- What you should do
Lines before the one containing "NEW J. Crew" are not wanted; restate the rest below word for word, through the last line, but drop any pictures.

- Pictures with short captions

▬▬▬▬▬▬

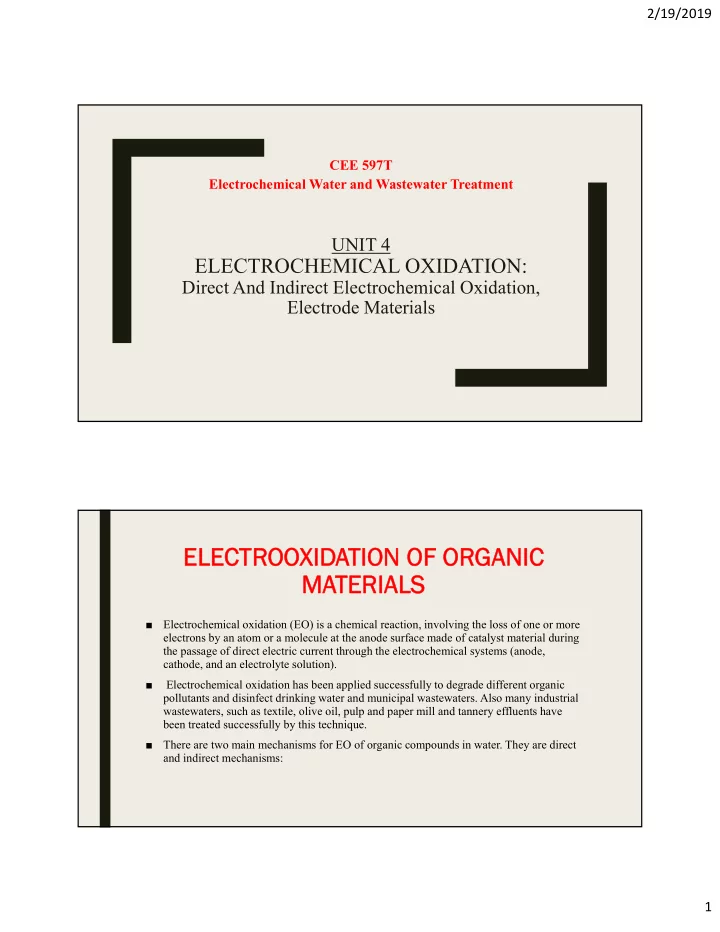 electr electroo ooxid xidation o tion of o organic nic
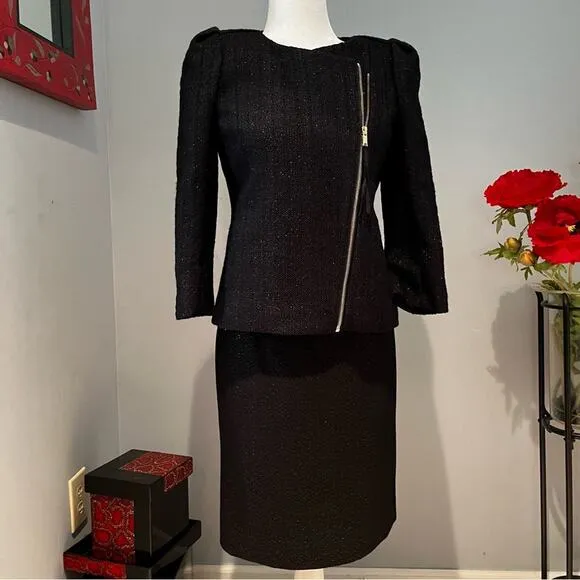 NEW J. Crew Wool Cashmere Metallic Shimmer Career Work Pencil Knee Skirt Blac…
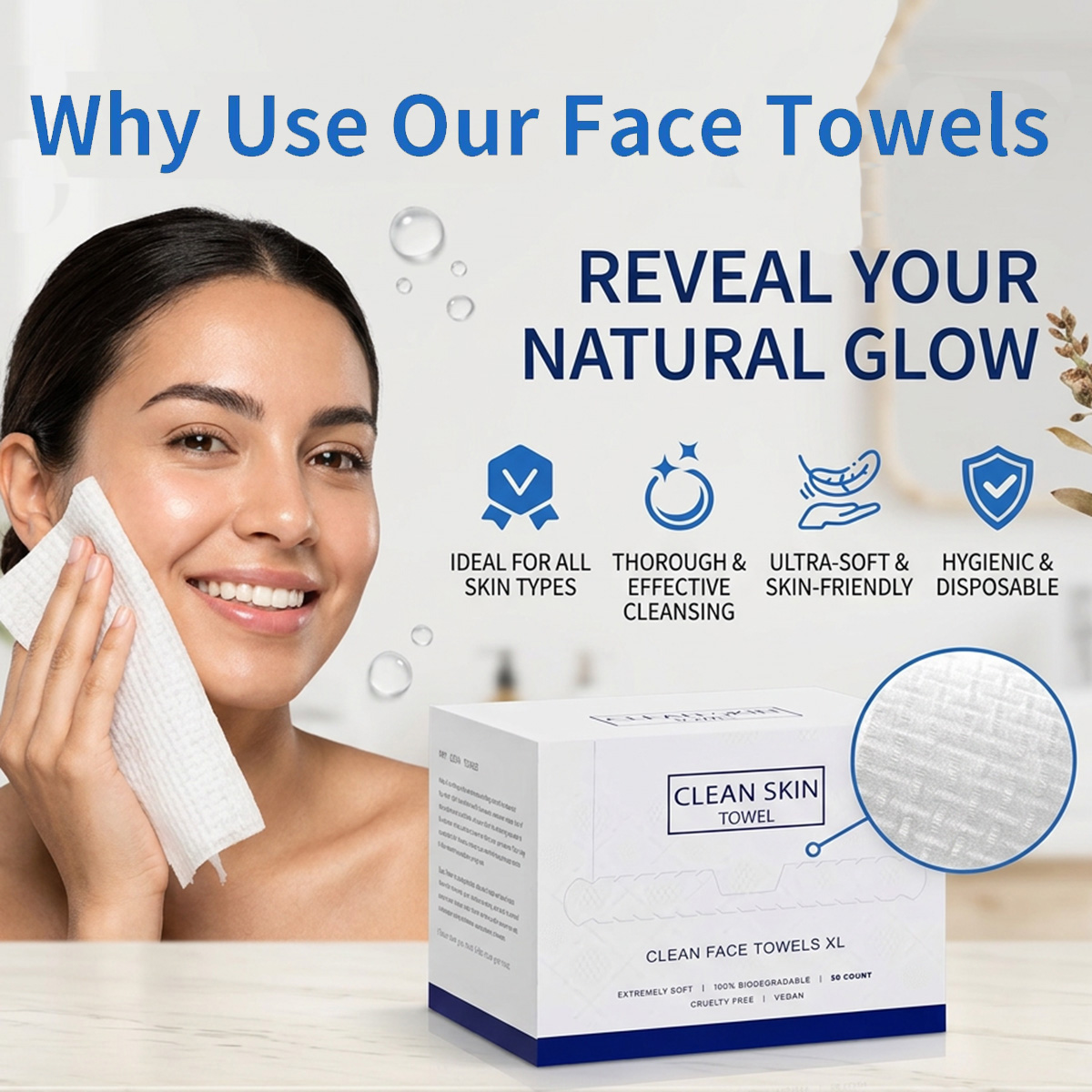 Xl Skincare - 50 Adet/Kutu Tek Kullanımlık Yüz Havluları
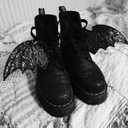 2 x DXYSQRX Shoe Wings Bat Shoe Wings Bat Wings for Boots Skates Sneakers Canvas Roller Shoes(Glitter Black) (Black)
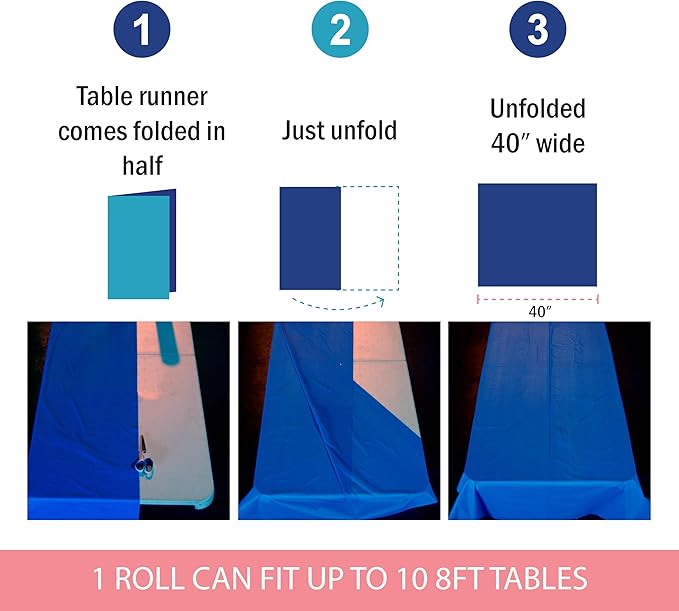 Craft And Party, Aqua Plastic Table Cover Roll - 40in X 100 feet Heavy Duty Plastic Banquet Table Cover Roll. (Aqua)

▬▬▬▬▬▬

- Written reply
 NEW J. Crew Wool Cashmere Metallic Shimmer Career Work Pencil Knee Skirt Blac…
 Xl Skincare - 50 Adet/Kutu Tek Kullanımlık Yüz Havluları
 2 x DXYSQRX Shoe Wings Bat Shoe Wings Bat Wings for Boots Skates Sneakers Canvas Roller Shoes(Glitter Black) (Black)
 Craft And Party, Aqua Plastic Table Cover Roll - 40in X 100 feet Heavy Duty Plastic Banquet Table Cover Roll. (Aqua)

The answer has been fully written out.